## Exercise brief
Start the copy at the line holding "Cinq a Sept" and continue it exactly through the last line of the entries, leaving out pictures and anything else.

---

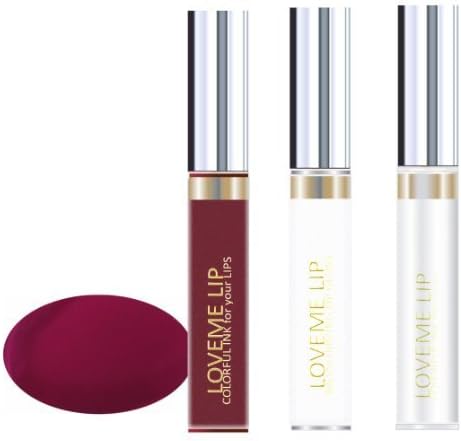 LoveMe Lip Colorful Ink for Your Lips KIT (Color, Moisturizing Gloss, Remover) - Blue Claret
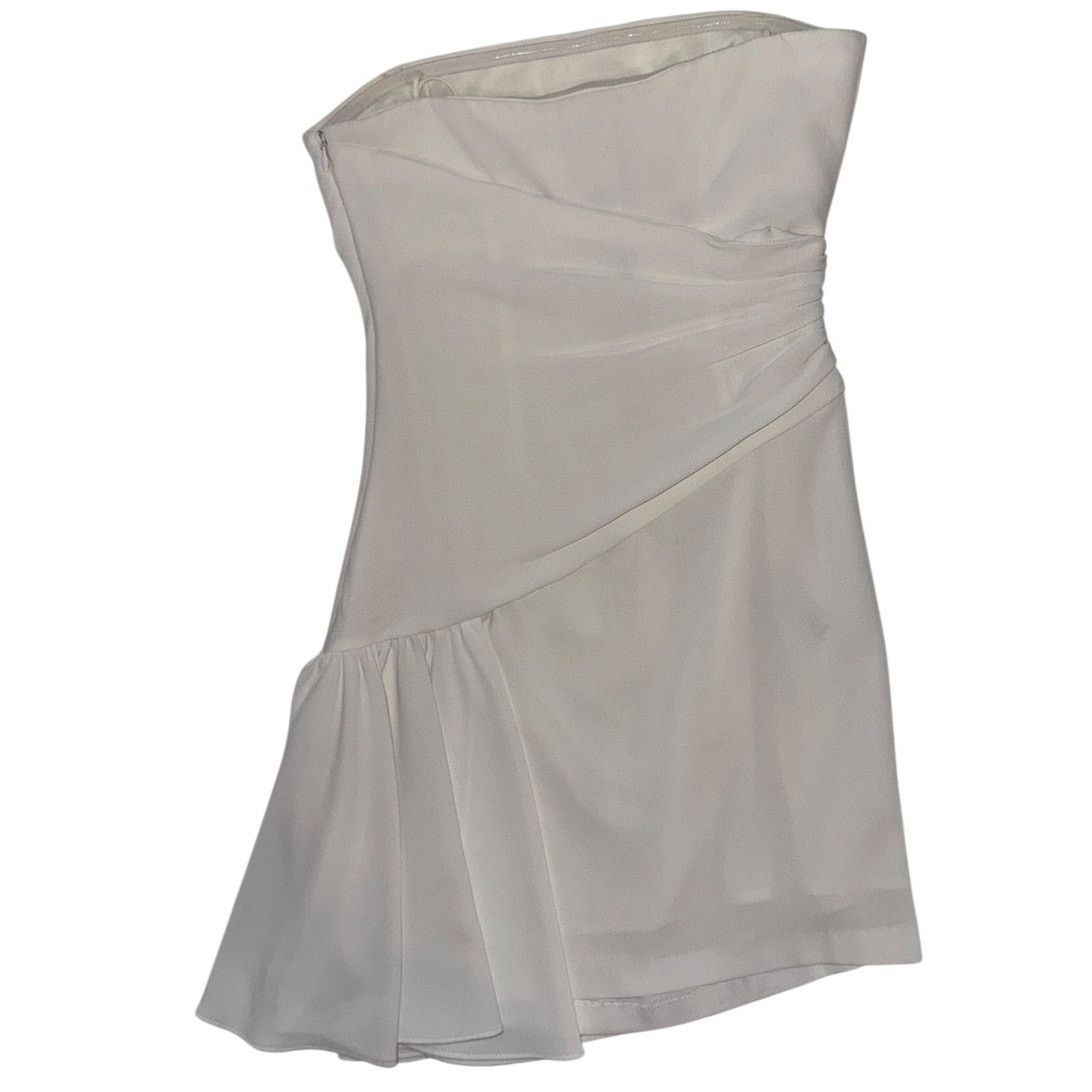 Cinq a Sept NEW Cinq à Sept Ella Strapless Ivory Mini Dress Ivory Sz 8 Size M / US 6-8 / IT 42-44 - 3 Thumbnail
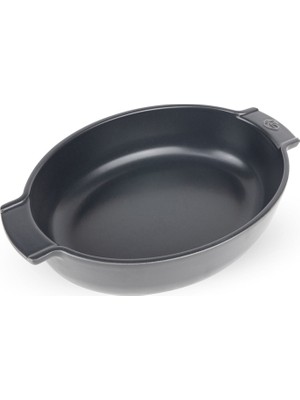 Peugeot Appolia Siyah Oval Fırın Kabı 31 cm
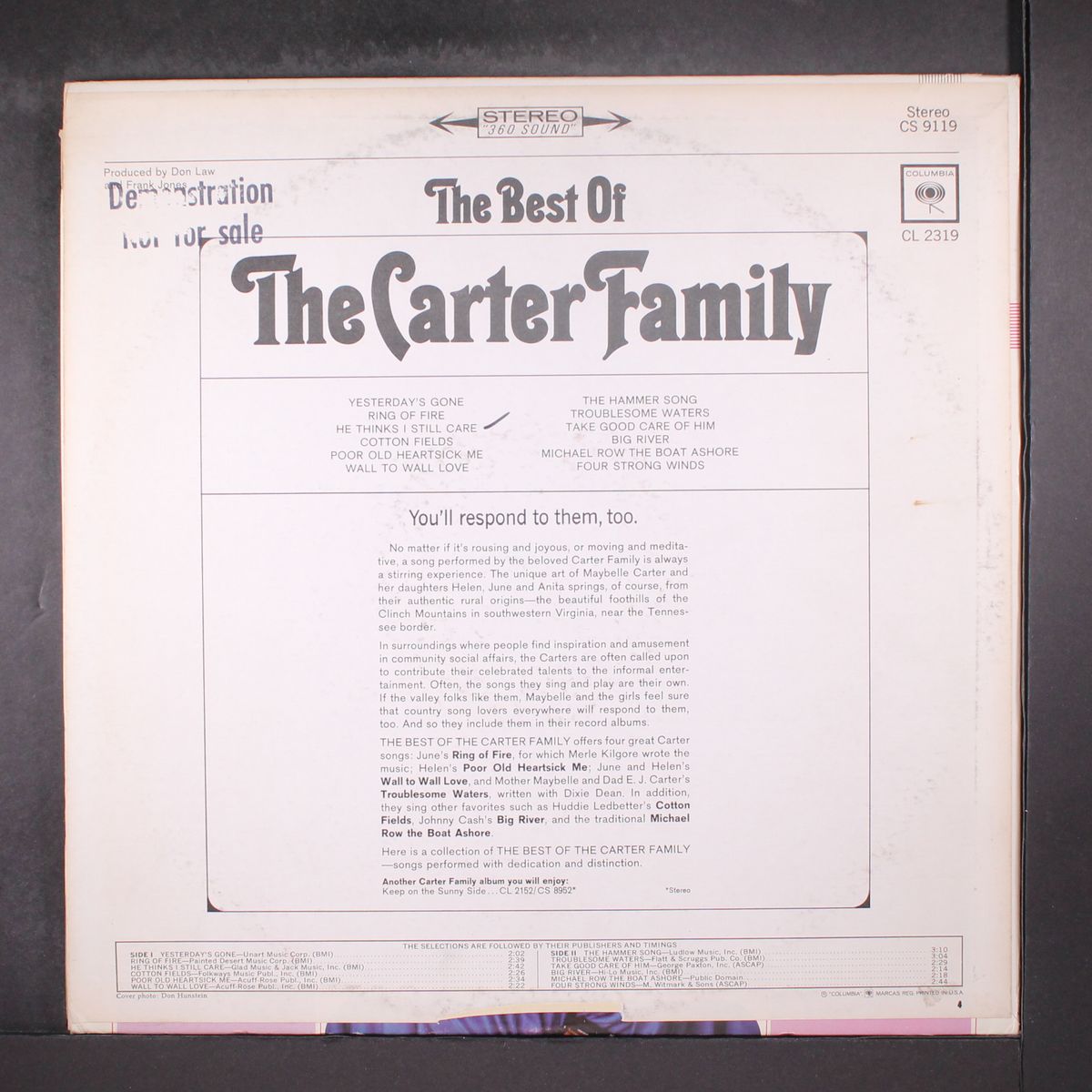 best of by CARTER FAMILY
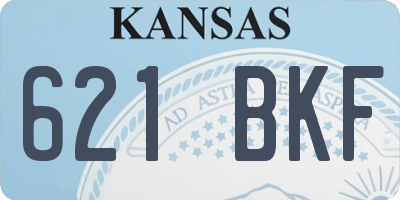KS license plate 621BKF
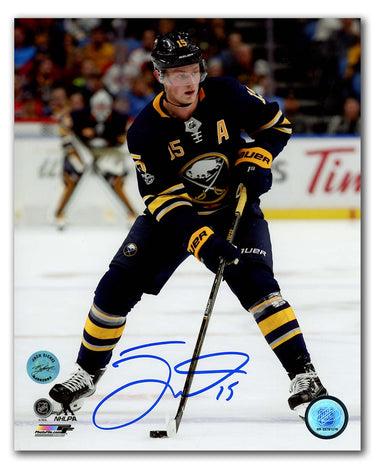 Jack Eichel Autographed Buffalo Sabres Game Action 8x10 Photo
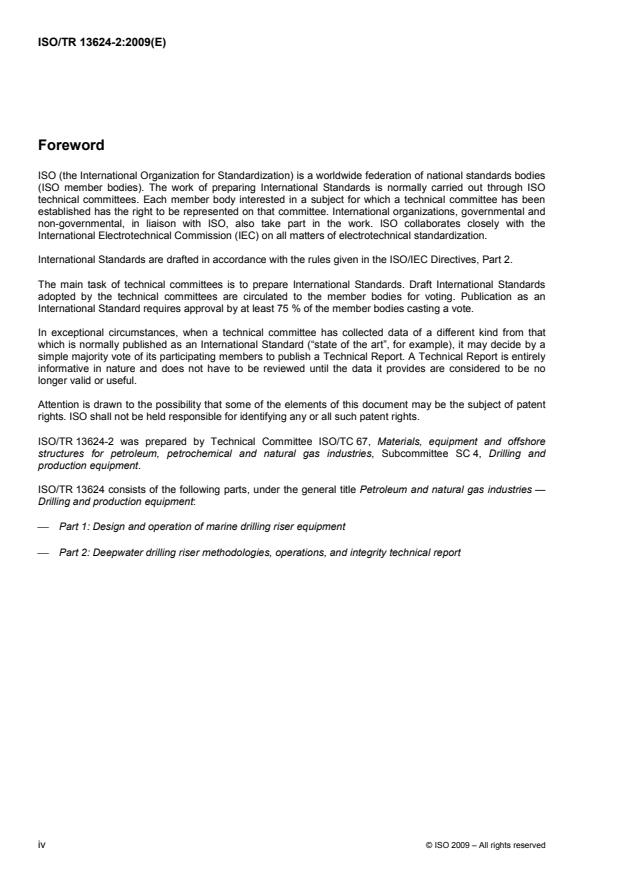 ISO/TR 13624-2:2009 ISO/TR 13624-2:2009 - Petroleum and natural gas industries -- Drilling and production equipment - Page 4 preview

---

## Solution for this exercise
 Cinq a Sept NEW Cinq à Sept Ella Strapless Ivory Mini Dress Ivory Sz 8 Size M / US 6-8 / IT 42-44 - 3 Thumbnail
 Peugeot Appolia Siyah Oval Fırın Kabı 31 cm
 best of by CARTER FAMILY
KS license plate 621BKF
 Jack Eichel Autographed Buffalo Sabres Game Action 8x10 Photo
 ISO/TR 13624-2:2009 ISO/TR 13624-2:2009 - Petroleum and natural gas industries -- Drilling and production equipment - Page 4 preview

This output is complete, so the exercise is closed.